Pushkin Vertigo continues to publish some astonishing crime novels, and this is proved once more by a second Frédéric Dard novel, The Wicked Go To Hell which follows on the tail of Bird in a Cage. The Wicked Go To Hell follows the escape of two convicts–one a spy and one an undercover cop. There’s very little down time in this gripping tale, an exploration of identity and morality .
The novel opens with a bureaucratic scene of a cop named Mérins meeting with his chief while groans of beating and torture taking place next door provide the incongruous background noise to what should be an office meeting. The man being beaten is a spy. He’s been interrogated five times, four times too many, according to the chief, but like many ideologues, the prisoner isn’t breaking. The chief has an alternate plan–he intends to place Mérins undercover in the same cell with the prisoner. They are supposed to buddy up and then plan an escape.

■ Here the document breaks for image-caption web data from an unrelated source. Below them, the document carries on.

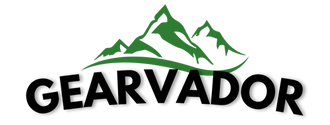 Gearvador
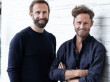 KS groupe : l'entreprise qui refuse la succession ...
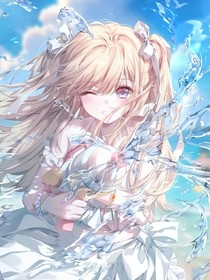 涩蝶吻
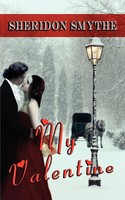 Sheridon Smythe | My Valentine | Taschenbuch | Englisch (2008)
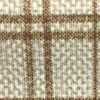 A Quadri/beige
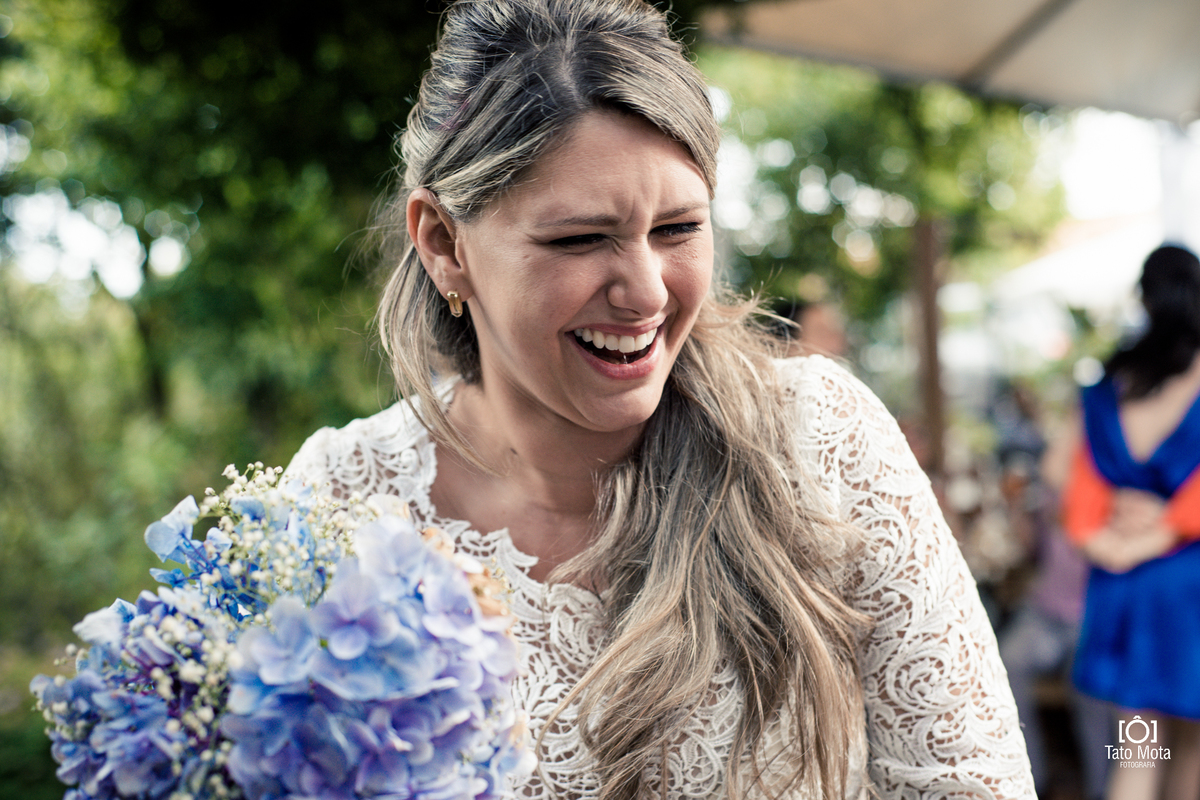Fotos de Casamento
Lavras Novas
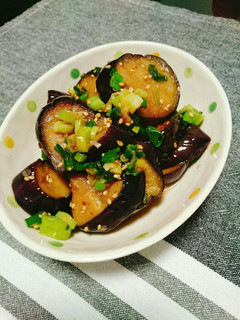 茄子◎ダシがしみしみ和風味~♪-レシピのメイン写真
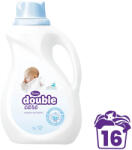 Violeta Double Care baba mosógél 1000 ml (16 mosás)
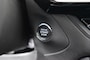 Opel Grandland 1.2 Turbo 130PK GS-LINE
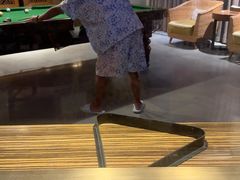 -浅深Cheersum(曹杨店)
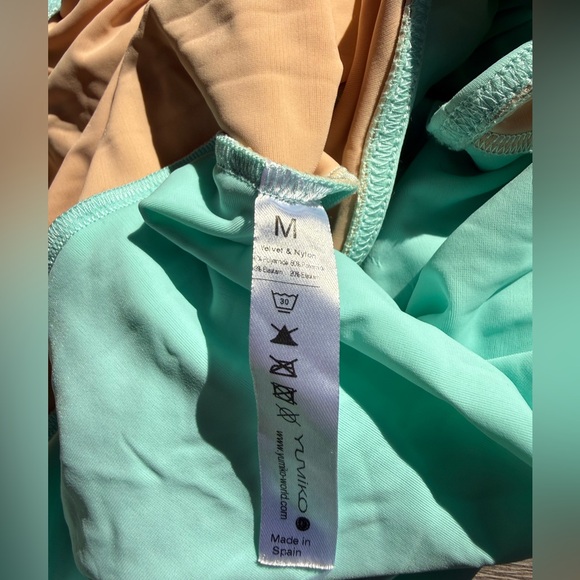 UNWORN RARE YUMIKO - Picture 4 of 5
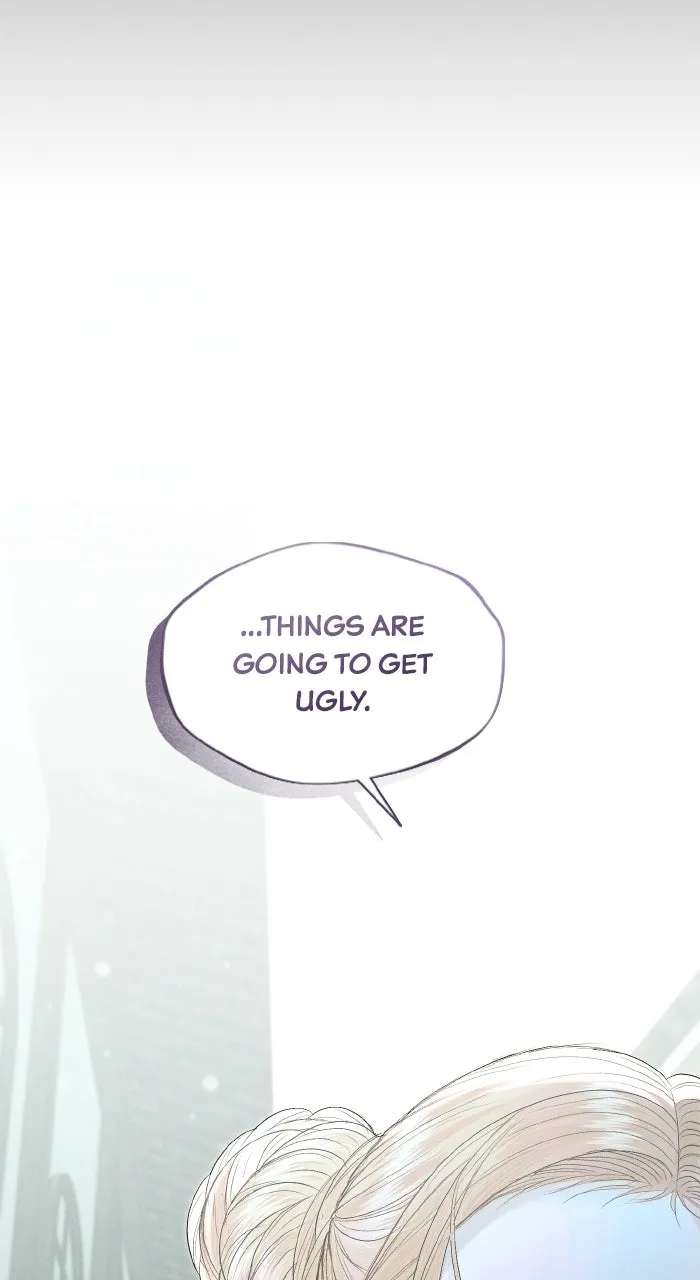 The Merman Trappedin My Lake Chapter 36 - page 30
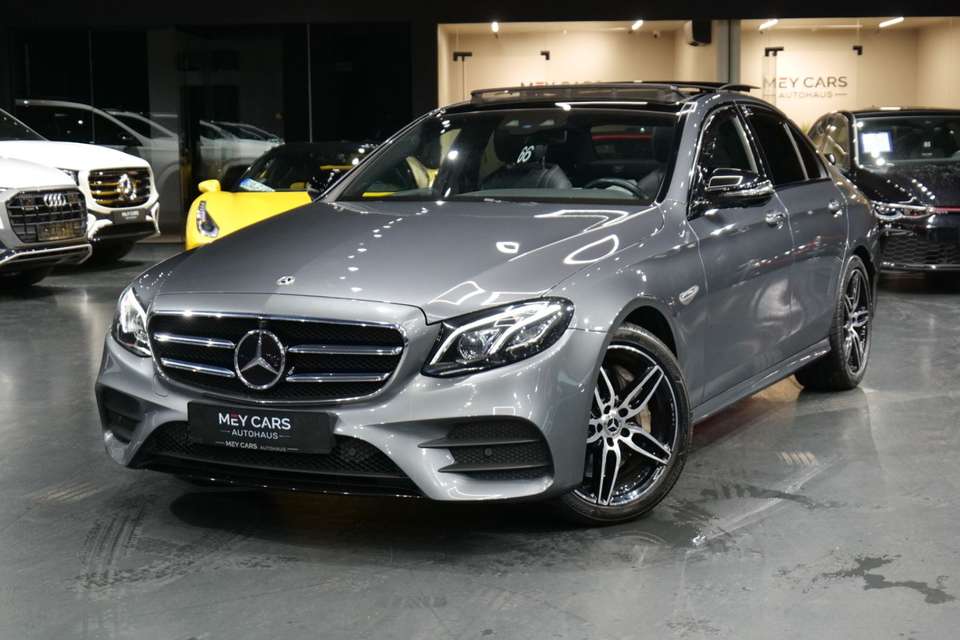 Car picture 1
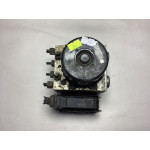 Opel Astra J Abs Beyni 10.0961-4521.3 10.0619-3339.1 28.5611-8102.3 13347808 10.0212-0541.4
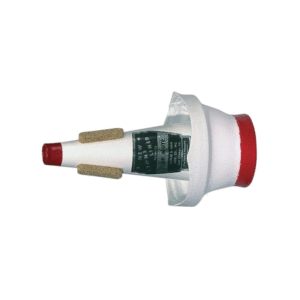 Humes & Berg | Cup | Bastrombon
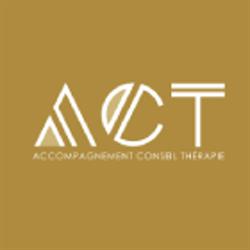 A.C.T., Rouen - Horaires d'ouverture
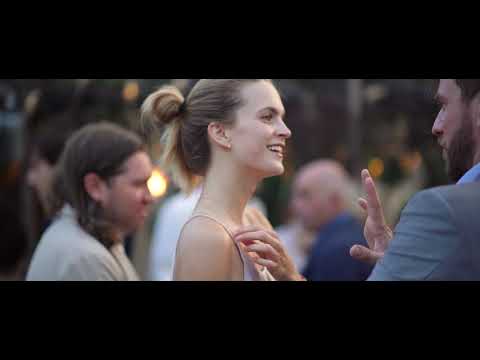 Lynn & Dave's Pre Wedding at Borgo Egnazia,  Puglia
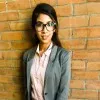 Meherin Mushrekat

“We’ll lock you both up in the same jail cell… a tough one.. the sort of place that gives kindly old ladies the shivers. The pair of you will escape!
You’ll try to hole up somewhere and you’ll wait. The breakout will be big news. The head of the organization, knowing that his man has escaped, will want to get him back… At some point or other, he’ll break cover…Then, when you’ve got your hands on him…”
He made a chopping motion with the side of his hand. The gesture meant death.
The Chief expects that guards will be killed along the way, but hey, it’s all in the name of making the escape look authentic….
“Your second problem: the escape… Keep telling yourself, old son, that you’re acting unofficially.”
He repeated the word, spelling it out with great vehemence:
“Un-off-icially! The minute you leave the office I shall disown you! You know what that means?”
Sure I knew. He couldn’t help taking a sly sideways look at me.
“If you run into trouble, I won’t be able to lift a finger to help you, especially since escape won’t happen without breakages…”
The novel then shifts from the first person to the third–two freshly beaten men, handcuffed together, are thrown into a cell by a sadistic warden, where they join a third prisoner, a mute. The two new prisoners, Hal and Frank exchange names, but we don’t know which one is the undercover cop and which one is the spy. Each man expresses suspicion that the other has been planted in the cell as a “stool pigeon.”
Days of beatings pass in the airless, dank, dark prison; nights are full of screams, and then Hal and Frank hear that an execution of another prisoner is planned. They hatch a plan to escape on the day of the execution, and the plan gives them hope, raising their spirits:
They had grabbed it as they would a battering ram-and in fact their idea was itself a battering ram, with which they would try to smash down the gates….
I don’t think I’m spoiling anything to say the men escape, and that’s when the story really begins. ..
Although this is a novel about an escape, the atmosphere is incredibly claustrophobic–running from the dank, stinking cell to the outside world, the desperate men are chased and hunted, and exchange one hell for another.
In common with other titles in the Pushkin Vertigo line, The Wicked Go to Hell is an incredibly clever novel. Author Frédéric Dard deliberately blurs the lines between the ‘good’ and the ‘bad’ guys, stripping them of their identities so that we try to guess which one of the two men is the spy and which one is the undercover cop. All we have to judge them by is their current behaviour–which really is how we should see everyone–not by their uniforms or their status. Both men lose their identities as they become dehumanized prisoners. But then after the escape, we keep waiting for the reveal, and it comes, finally at the end of the wonderful story in which right and wrong blur into escape and survival. While both men begin this journey on opposite ends of the law, there’s a greater morality here in the bonds of friendship, debt and loyalty.
According to the afterword at the end of the book, Dard wrote 284 thrillers. I’m hoping that Pushkin mines this author’s work. The Wicked Go To Hell was made into a film. I’d love to see it.